İSVEÇ DEVLETİ FİŞLEMEDEN SABIKALI

İsveç Devletinin kendi vatandaşlarını siyasi düşüncelerinden dolayı fişleme geleneği çok gerilere, İkinci Dünya Savaşı yıllarına dayanıyor. Nazilerin Norveç ve Danimarka’yı işgal etmelerinden hemen sonra İsveç Hükümeti 1940 yılında Güvenlik Polisine “Ülkenin güvenliği için tehdit oluşturabilecek tüm kişilerin izlenme ve dinlenmesi talimatını verdi.
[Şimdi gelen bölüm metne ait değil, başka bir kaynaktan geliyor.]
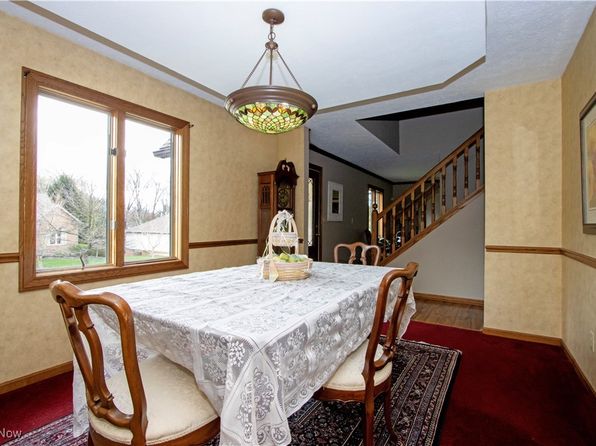 2766 Vinton Woods Dr, Wooster, OH 44691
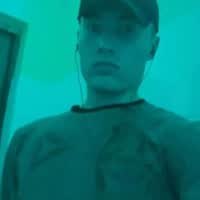 Мер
Kamuoyundan gizli olarak yapılan izlenme çalışmaları sonucu daha çok anarşist ve komünistlerin fişlendikleri yıllar sonra açığa çıktı.

Ancak İsveç tarihinin en kapsamlı fişlemeler Sosyal Demokrat Hükümet tarafından gizli olarak kurulan İnformasyon Bürosu tarafından 1960 ve 80’li yıllarda yapıldı. Komünist ve sol gruplara karşı başlatılan fişleme, giderek çevreciler ve eşcinselleri de içine alacak şekilde genişletildi ve bu süre zarfında 500 bin kişi fişlendi.

2003 yılında hazırlanan 6 bin sayfalık araştırma raporu İsveç Güvenlik Polisi’nin sistematik bir biçimde kişilerin görüşlerinden dolayı fişlediğini ortaya koydu.

Tüm bu skandallardan sonra yetkililer her türlü fişlemenin yasaklandığını kamuoyuna açıkladılar ama 2013 yılının Eylül ayında İsveç’in güneyinde Skåne Emniyet Müdürlüğü’nün bini çocuk 4 700 kişiyi sırf Romen oldukları için fişlediği açığa çıktı.